In the Budget in February, it was announced that a one-off SkillsFuture Credit top-up of $500 for Singaporeans aged 25 years and above would be made available from October. Singaporeans will now be able to make early use of the top-up for selected courses from April 1, ahead of its full implementation date, said Mr Heng.
“I hope this will help many more workers, job seekers, and self-employed persons make use of the down time to learn, develop new skills, and stay employable,” he said.
Mr Heng also emphasised the need to build economic resilience at all levels, including in research and development (R&D), food supply and at the industry level.

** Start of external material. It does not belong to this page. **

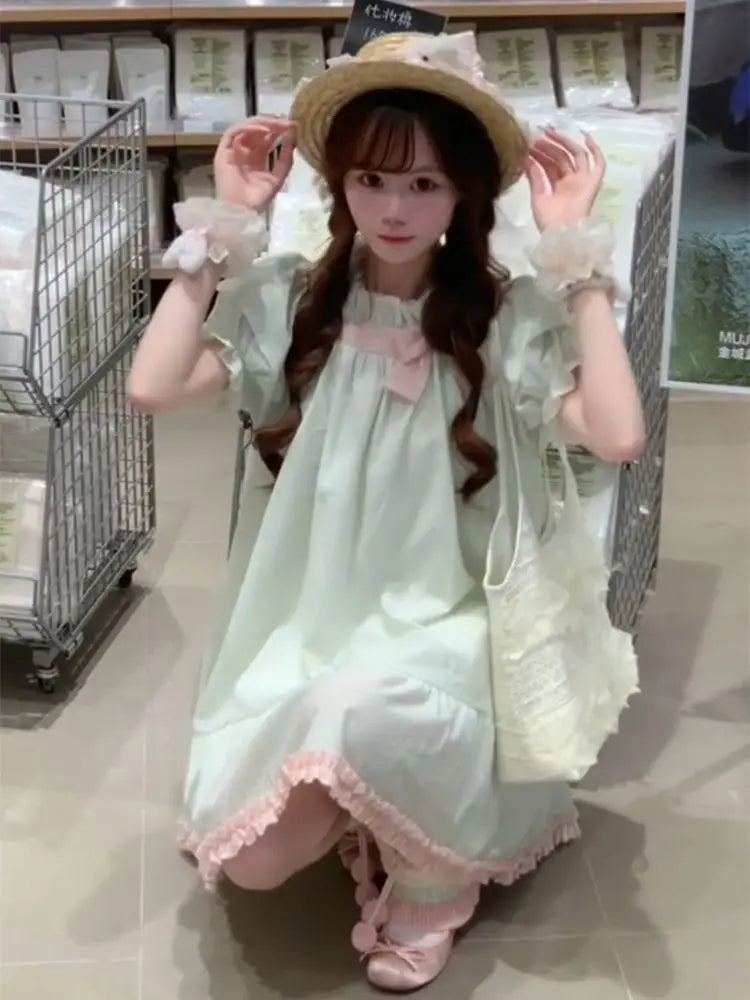 Hnewly  Mini Dresses Women Sweet Bow Ruffles Patchwork Puff Short Sleeve Summer Fashion Casual Party Dress Princess Casual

The matching rate under the SG Together Enhancing Enterprise Resilience (Steer) programme will now be doubled, with Enterprise Singapore matching $1 for every $2 raised through qualifying industry-led initiatives, he said. The programme supports industry-led initiatives to help companies tide over economic uncertainties, and build longer-term capabilities.
Funds set up by trade associations and chambers (TACs) or other industry groupings to help businesses survive and thrive amid the coronavirus outbreak can apply for the programme.
Examples of what the funds can be used for include helping firms to defray costs such as rental and wages, marketing and branding and productivity solutions.
Mr Heng also urged businesses to make use of this down time to digitalise, restructure and transform.
The SMEs Go Digital Programme, which supports businesses in building technological capabilities, will be enhanced to help SMEs implement safe distancing and business continuity measures.
The maximum support levels for the Productivity Solutions Grant (PSG) and the Enterprise Development Grant (EDG) will be raised to 80 per cent and 90 per cent respectively to spur transformation, he said. The enhancements to these three schemes will last till December (2020).
The PSG defrays the costs for adoption of pre-approved digital solutions, while the EDG encourages the adoption of technology and innovation to increase productivity.
The Covid-19 outbreak has also reinforced the importance of investing in R&D to prepare for critical challenges, such as in managing pandemics and ensuring food security, said Mr Heng. More details on the Government’s R&D investments under its masterplan for research, innovation and enterprise will be provided towards the end of the financial year, he said.
Singapore is also building up its national stockpile of health supplies, including masks and hand sanitisers, said Mr Heng. He added that the country is strengthening its food resilience for the long term and aims to produce 30 per cent of its nutritional needs by 2030, up from less than 10 per cent today.
“Some may be concerned about the impact on our food supplies, arising from supply chain disruptions. We need not worry,” he said, noting that Singapore has in place a robust, multi-pronged strategy to ensure that it continues to have an adequate supply of safe food.